KKR units close $1 billion five-year senior multicurrency revolver

By Sarah Lizee

Olympia, Wash., Dec. 7 – KKR & Co. Inc.’s Kohlberg Kravis Roberts & Co. LP unit entered into an amended and restated credit agreement on Friday with HSBC Bank USA, NA as administrative agent that provides for a $1 billion senior unsecured multicurrency revolving credit facility, according to an 8-K filing with the Securities and Exchange Commission.

KKR Fund Holdings LP, KKR Management Holdings LP and KKR International Holdings LP are also borrowers under the credit agreement.

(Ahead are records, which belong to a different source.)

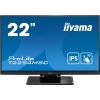 Monitors iiyama ProLite T2254MSC-B1AG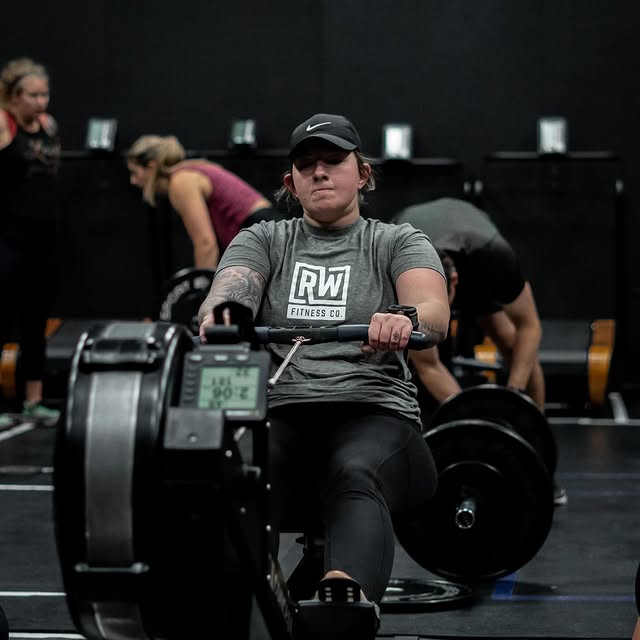 Let’s be honest.
You don’t need a couch-to-5K plan.

You need: Progressive strength Int…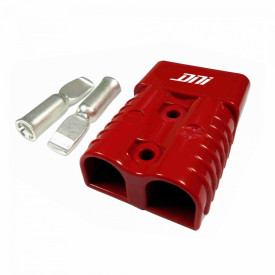 Conector para Bateria de Empilhadeira / Estacionária - DNI 8341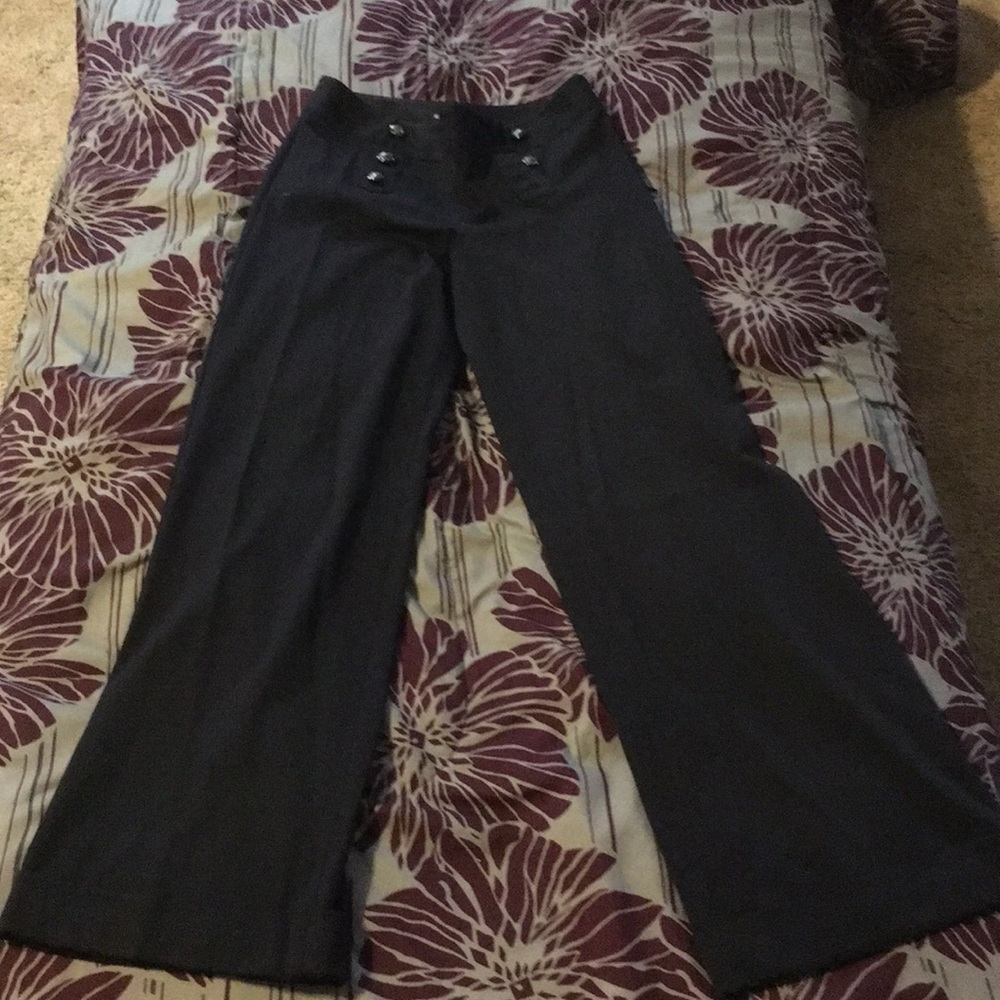 Dress pants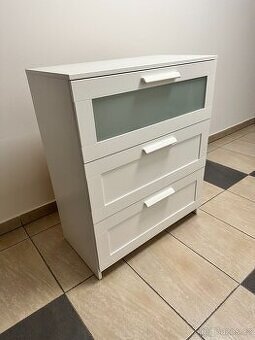 Komoda Ikea Brimnes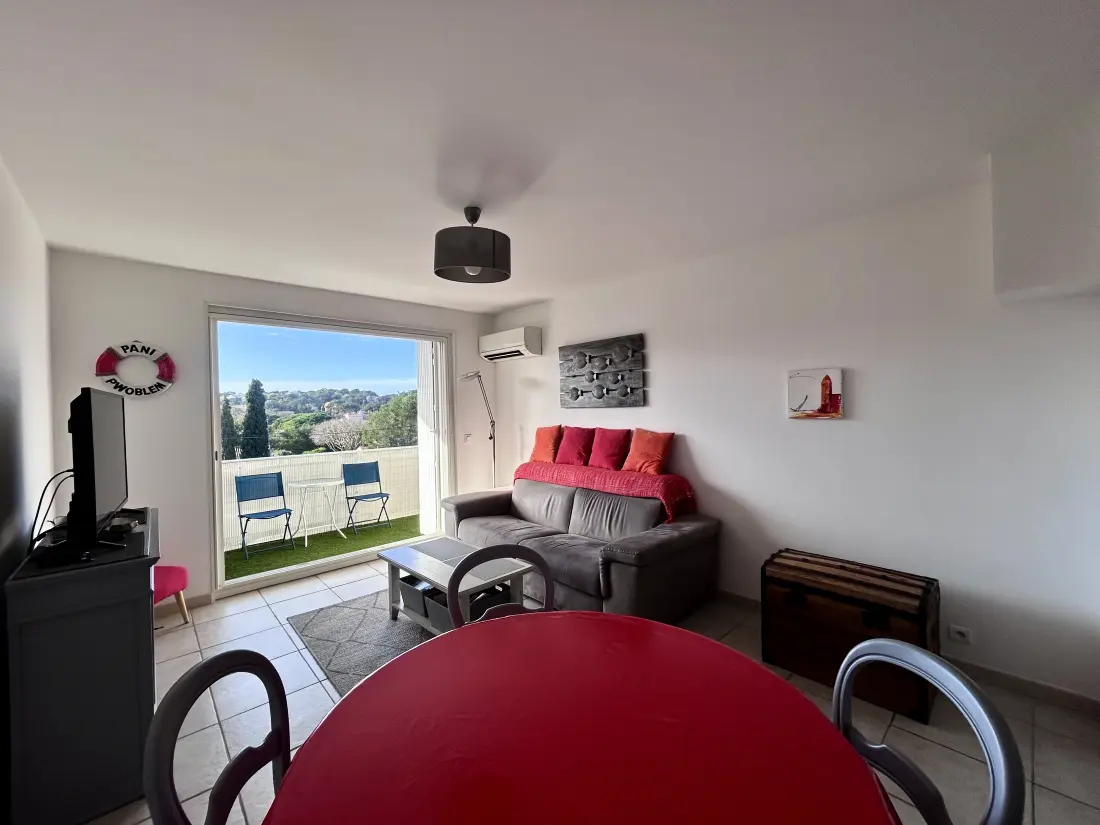 Résidence Malmaison - maeva Home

The borrowers have the option to request an increase in the facility amount of up to an additional $500 million, for a total principal amount of $1.5 billion, subject to some conditions.

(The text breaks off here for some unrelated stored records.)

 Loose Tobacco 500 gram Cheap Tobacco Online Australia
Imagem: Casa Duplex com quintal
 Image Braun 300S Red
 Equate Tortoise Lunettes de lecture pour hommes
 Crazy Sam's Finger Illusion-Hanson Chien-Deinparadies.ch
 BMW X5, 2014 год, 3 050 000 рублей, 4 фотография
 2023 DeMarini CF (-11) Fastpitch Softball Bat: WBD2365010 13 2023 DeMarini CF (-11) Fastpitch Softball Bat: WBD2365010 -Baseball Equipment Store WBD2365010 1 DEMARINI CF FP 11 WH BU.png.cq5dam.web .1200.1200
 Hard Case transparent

The revolver is scheduled to mature on Dec. 7, 2023. There is an option to extend the maturity date, subject to some conditions.

Borrowings bear interest at Libor plus 56.5 basis points to 110 bps, based on ratings. Initially, interest is Libor plus 79.5 bps.

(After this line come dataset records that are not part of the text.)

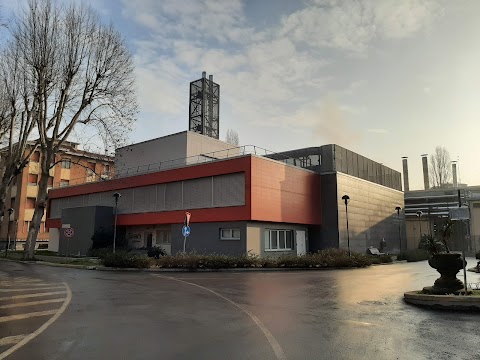 Azienda Ospedaliero - Universitaria di Parma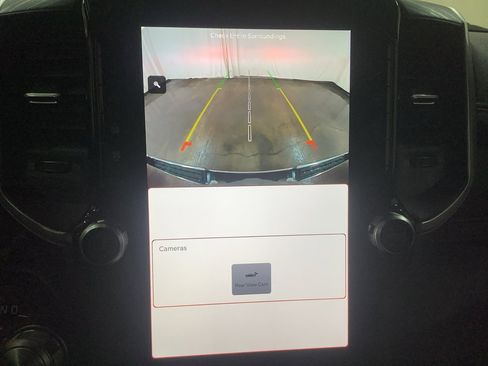 Used 2023 RAM 1500 Laramie image 22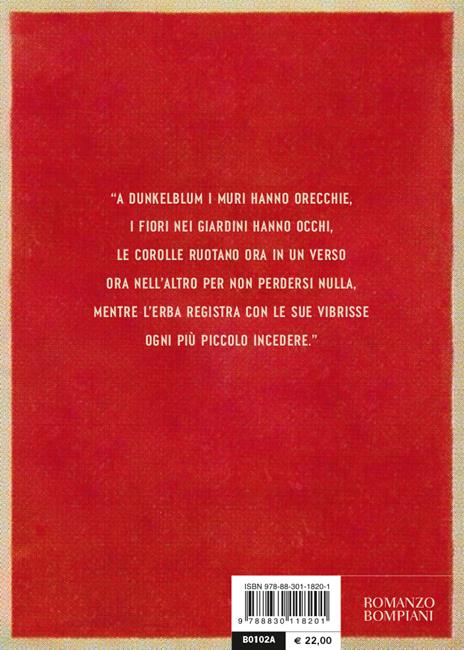 Il paese dei fiori oscuri - Eva Menasse - 3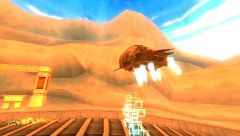 Pozadí pod obrázkem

The facility fee is 6 bps to 15 bps, also depending on ratings. Initially, the fee is 8 bps.

Financial covenants require KKR and its subsidiaries to maintain a maximum consolidated leverage ratio of no greater than 4x and to maintain at least $55 billion in fee paying assets under management.

HSBC Securities (USA) Inc. is the lead arranger and bookrunner.

KKR is an investment management company based in New York.